Two months after the liberation, divisions between people remain pronounced. People who had stolen from Prague’s Jewish community, or had otherwise benefited from the deportation of Jews, start to act out: “the innocent became a living reproach and a potential threat to the guilty” (52). Prague and Czechoslovakia remain a city and country divided as the Jews seek acceptance.

After the war, housing is scarce, which becomes a major issue. Heda states that there are “a number of empty apartments in Prague, abandoned by the Germans, beautifully decorated with furniture that had once belonged to Jews” (53). Most often, however, available apartments go to those who profited during the war. Butchers and grocers receive upgraded apartments before the homeless receive housing.

Heda receives an apartment after she demands housing from the chairman of the housing authority. She threatens to sleep in the office if an apartment cannot be found for her. She begins to unpack personal items like her nightgown, some bread, and her soap. After she eats her bread, she begins to undress, causing the chairman to blush and exit the room. Her plan works, and when the chairman re-enters the room, he tells Heda she has an apartment.

Heda and Rudolf, now married, move into the sunny apartment, which the couple fills with books. She and Rudolf read Marxist political material that promotes the working class and speaks to the dangers of corruption of power. These materials argue that capitalism “breeds racism,” and that “in a socialist society, all people are equal” (55). Soon, their home is full of political debate.

Heda is concerned about the shifting political climate in Prague. Looking back, she writes that human behavior was at its worst after the war and that people turned to communism in despair. Heda has faith in Rudolf, believing he is “utterly unselfish” and that his time in the concentration camps “affected him more deeply” (58) than anyone else she knows. Heda and Rudolf become more aligned with communist ideology. Rudolf brings home applications for the Communist Party, and Heda asserts that their “conditioning for the revolution had begun in the concentration camps” (59). She argues that living under fascists for so many years ensures that they have “contracted a trace of that dry rot unwittingly and unwillingly” (60).

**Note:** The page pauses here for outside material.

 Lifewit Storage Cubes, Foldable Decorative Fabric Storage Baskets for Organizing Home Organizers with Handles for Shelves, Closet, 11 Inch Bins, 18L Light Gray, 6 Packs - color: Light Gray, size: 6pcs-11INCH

Heda is surrounded by political conversations about the economy that she does not fully understand. She does believe, however, that her husband, and those like him, have good intentions: “Sometimes evil intentions produce good results and good intentions produce the exact opposite—everything depends on the context” (62). Heda remembers learning about world tragedies in school, years before her own experience. At the time, incidents of torture and the “persecution of innocent[s]” seemed possible only in the past.

Unlike Rudolf, Heda resists the ideology of communism. Because she is a woman, she is “much closer to reality and the basic things of life” (65). At the chapter’s end, she recalls the story of her grandmother’s capture. At 86 years old, she was taken to a concentration camp along with her children and grandchildren. Her neighbors did nothing to help her, simply suggesting to her that she not be afraid.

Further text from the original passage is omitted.